I don't even know how to try to attempt at making this a short post. There is so much to say, so much to repent, so much to learn.

I remember when I was young I thoroughly enjoyed studying the books of Jeremiah, Isaiah, and Ezequiel when I read them the first time. I have read them again several times since, but never did it have that taste it had the first time. So, I decided I wanted to study these books next a little more closely and calmly. I was so rebuked by this chapter in Jeremiah, I wanted to share those teachings with you.

Jeremiah 2
1 The word of the LORD came to me: 2 “Go and proclaim in the hearing of Jerusalem:
   “This is what the LORD says:
   “‘I remember the devotion of your youth,
how as a bride you loved me
and followed me through the wilderness,
   through a land not sown.
3 Israel was holy to the LORD,
   the firstfruits of his harvest;
all who devoured her were held guilty,
   and disaster overtook them,’”
            declares the LORD.

I remember when I began my walk with the Lord. I was a scrawny, tall twelve year old girl meeting people who had a relationship and a walk with God for the first time. I remember being surprised by the fact they would talk about God in such a personal manner. "I'm sleepy," my classmates shares, "I spent all night talking with God and singing praise." She was just two years older than me. How was that possible? I wanted and craved that too. So my walk with God began with a bang! I wanted to know everything about Him, His Word, His purpose for my life. I wanted my relationship with God to produce what these young people's relationship with God had produced in me.
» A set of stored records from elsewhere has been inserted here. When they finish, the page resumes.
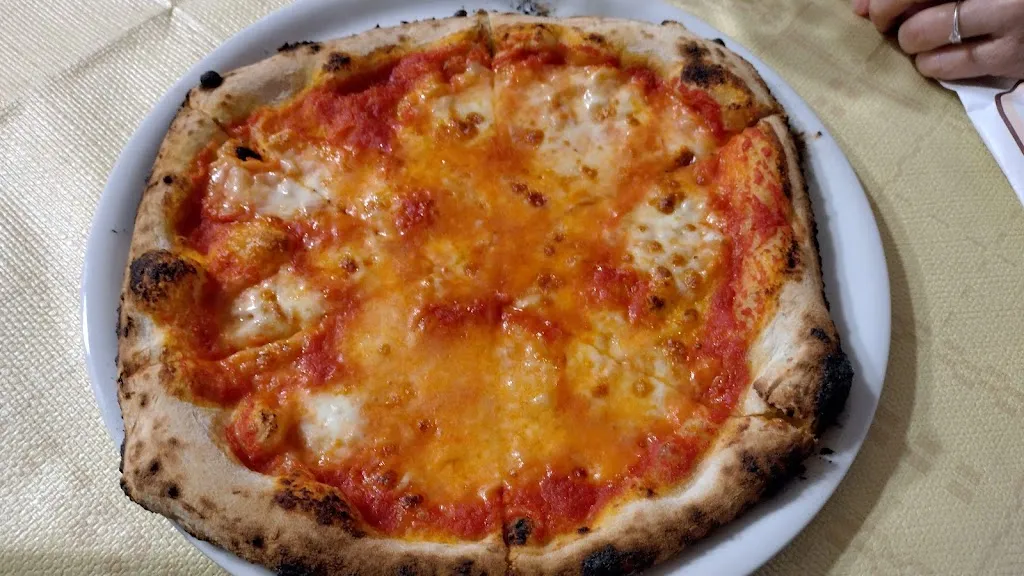 Menu_Il Giardino delle Rose_Trebisacce_image_2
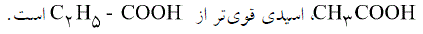 گزینه الف)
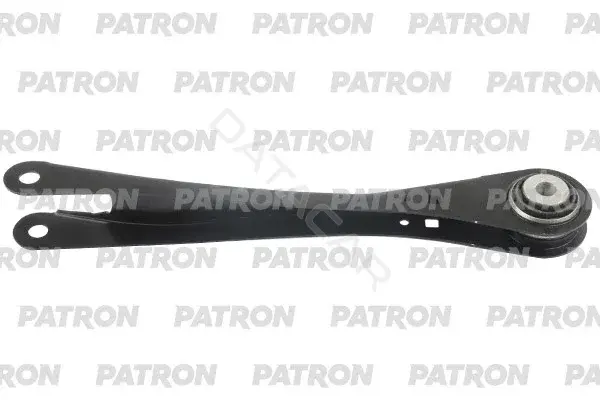 Рычаги PATRON PS51579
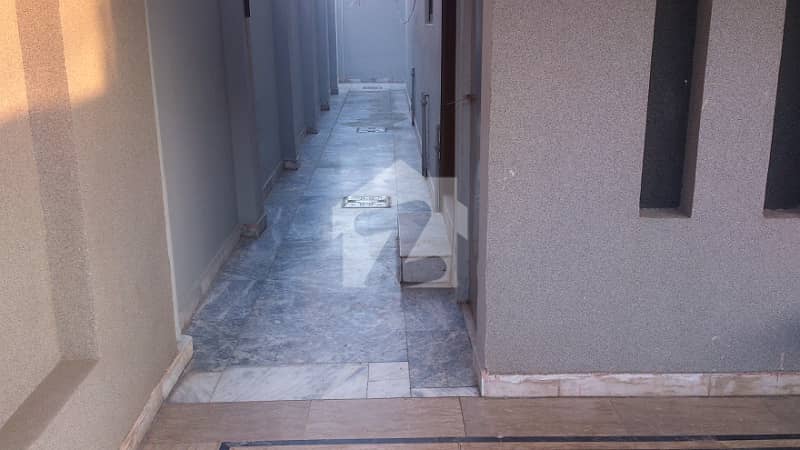 1 KANAL USED HOUSE FOR SALE 1 KANAL USED HOUSE FOR SALE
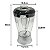 Copo Liquidificador Multiprocessador Philco Fun Kitchen - Imagem 2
 4 Hear the word of the LORD, you descendants of Jacob,
   all you clans of Israel.
 5 This is what the LORD says:
   “What fault did your ancestors find in me,
   that they strayed so far from me?
They followed worthless idols
   and became worthless themselves.
6 They did not ask, ‘Where is the LORD,
   who brought us up out of Egypt
and led us through the barren wilderness,
   through a land of deserts and ravines,
a land of drought and utter darkness,
   a land where no one travels and no one lives?’
7 I brought you into a fertile land
   to eat its fruit and rich produce.
But you came and defiled my land
   and made my inheritance detestable.
8 The priests did not ask,
   ‘Where is the LORD?’
Those who deal with the law did not know me;
   the leaders rebelled against me.
The prophets prophesied by Baal,
   following worthless idols.
 9 “Therefore I bring charges against you again,”
            declares the LORD.
   “And I will bring charges against your children’s children.
10 Cross over to the coasts of Cyprus and look,
   send to Kedar[a] and observe closely;
   see if there has ever been anything like this:
11 Has a nation ever changed its gods?
   (Yet they are not gods at all.)
But my people have exchanged their glorious God
   for worthless idols.
12 Be appalled at this, you heavens,
   and shudder with great horror,”
declares the LORD.

It all happened so quickly. Was there anything I should have done or could have done to stop it? Can I do something about it today? A whole generation of young people who had served beside me, astray. What happened to the lives committed to God we had talked about and dreamed about together? The great comission that was supposedly burning in our hearts? And I "remained," but did I really? And as I read these passages and examine myself and not others, I do shudder with great horror at the thought: "have I exchanged my glorious God for worthless idols?"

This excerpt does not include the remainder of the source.